Choosing The Right Paint

Before you get started, it is important to understand the best types of paint to use when painting your uPVC doors. Typically, uPVC is not a material designed to be painted due to its shiny plastic surface. So, it is essential to use an ultimate performance all surface exterior paint, ideally water based. This paint will be water-resistant, low maintenance and also usually self priming, meaning you won’t need to invest in two different paints for this DIY project.

Choosing Right Paint

When it comes to choosing your brush, use a good quality brush that you can work with quickly, as the high performance paint you will need to use will dry quickly. Due to this, it might be worth having a smaller and larger brush available to help you be precise but also work quickly. One more thing, make sure you choose a mild day to paint as this will give you more valuable time to get it right before the paint dries!

Choosing a Colour

Right Color of Door

The ultimate performance paints usually come in satin, matte and gloss finishes, meaning you have plenty of options. Similarly, most performance paint products come in a vast range of colours to help you achieve your vision. Painting uPVC doors black has been extremely popular recently, or for a more country-chic look, try a sage green or duck egg blue. Your door will usually need at least two coats regardless of the colour you choose, so don’t settle for a light colour because you’re afraid it won’t turn out as well.

Prepping The Door

Once you’ve selected your paint, it’s time to prep the door. Start by washing your front door and the frame using a soft sponge and sugar soap to remove any dirt, grease or grime. Buying a whole bottle definitely won’t be a waste, as there are plenty of other uses for sugar soap around the house. It is really important that your door is completely clean before you paint, otherwise any rough patches will stand out. Wipe your door down with a clean, wet cloth to remove any soap and dry using kitchen roll.

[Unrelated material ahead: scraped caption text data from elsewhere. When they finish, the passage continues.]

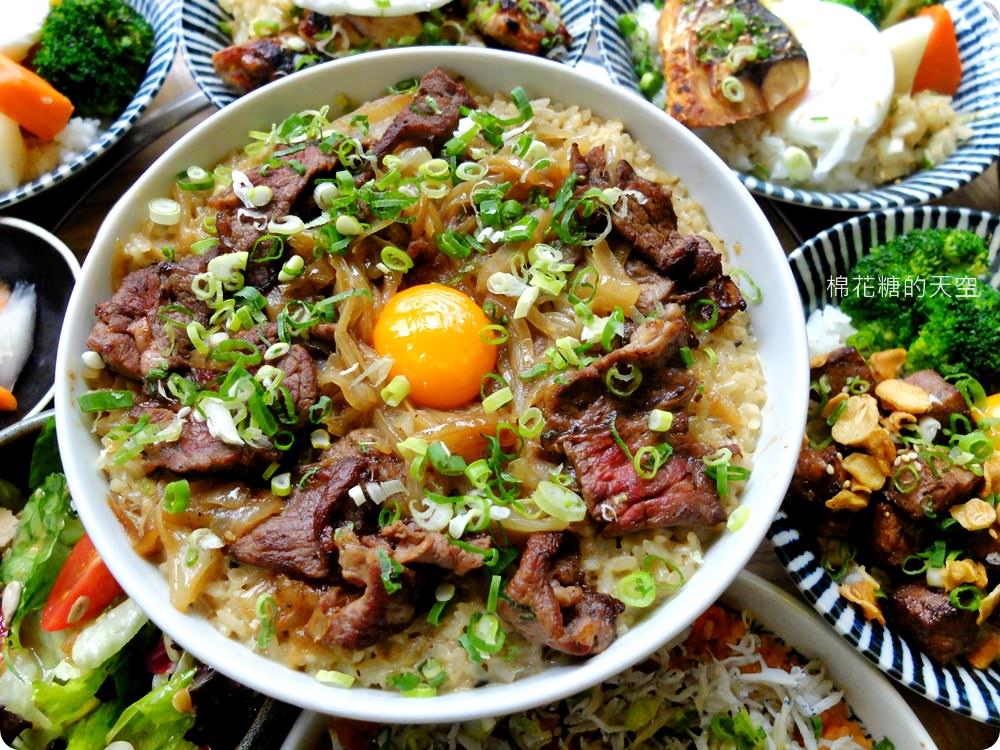 商業午餐也能吃到燒肉等級高檔肉品，新竹義燒肉最新午餐丼飯日式、義式完美融合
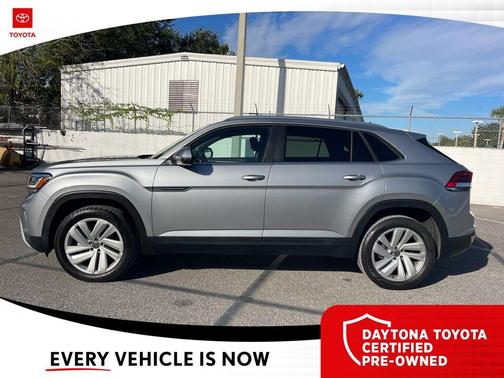 2023 Volkswagen Atlas Cross Sport 2.0T SE w/Technology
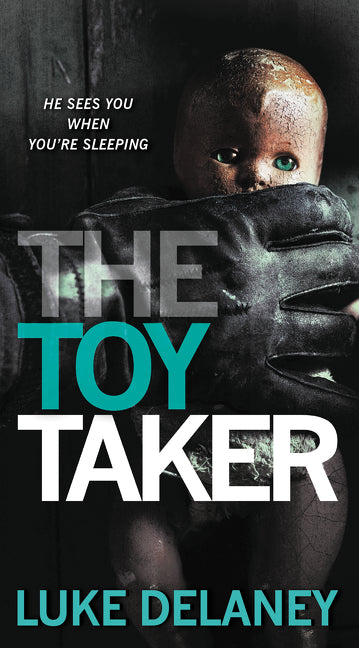 The Toy Taker-Fiction: general and literary-買書書 BuyBookBook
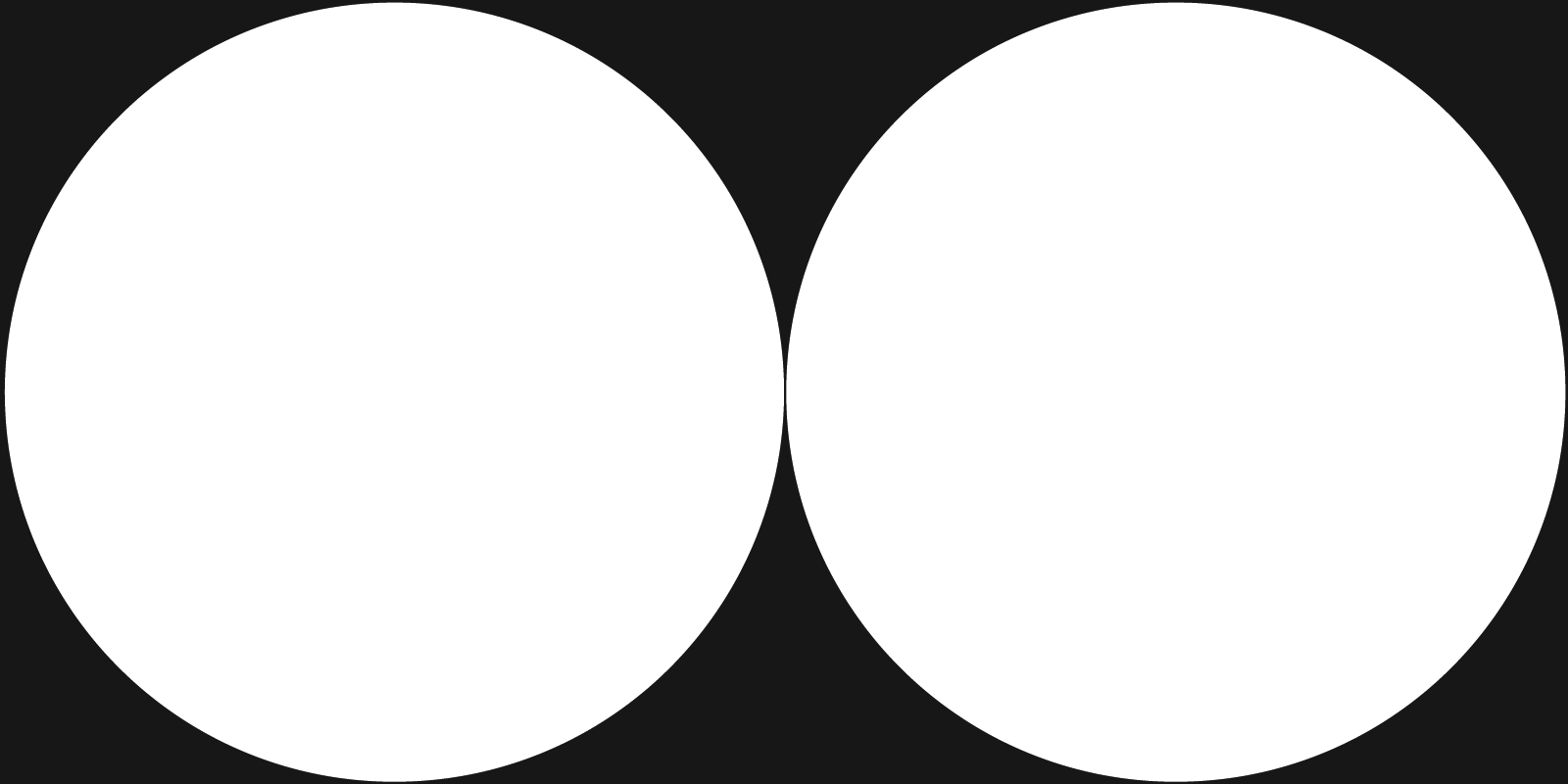 Grafika przedstawiająca sygnalizator będący czarnym prostokątem ustawionym poziomo z dwoma białymi kołami służącymi za światła.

Now, you’ll need to get a very fine sanding block and gently go over the entire door and frame (minus any glass or metal fixtures). If you are too rough when sanding, there will be scratches in the uPVC which will be extremely obvious once painted. So, be as gentle as possible, as you simply want to remove a bit of the sheen to provide a good base for the paint. Use a cloth to remove any residue from the sanding, once again ensuring it is completely dry.

Next, you’ll need to either remove your letterbox and door handle or tape them up, along with the glass. If you’re getting a new letterbox and handle, it is best to remove them before painting to make sure you aren’t left with any white bits! If you are removing the handle, ensure you start painting as early as possible so you have time to do your first coat, let it dry completely, do your second coat and then fit your new handle. This way, you won’t be stranded without a door handle overnight! It’s really important not to rush the drying process otherwise you won’t get the effect you’re hoping for.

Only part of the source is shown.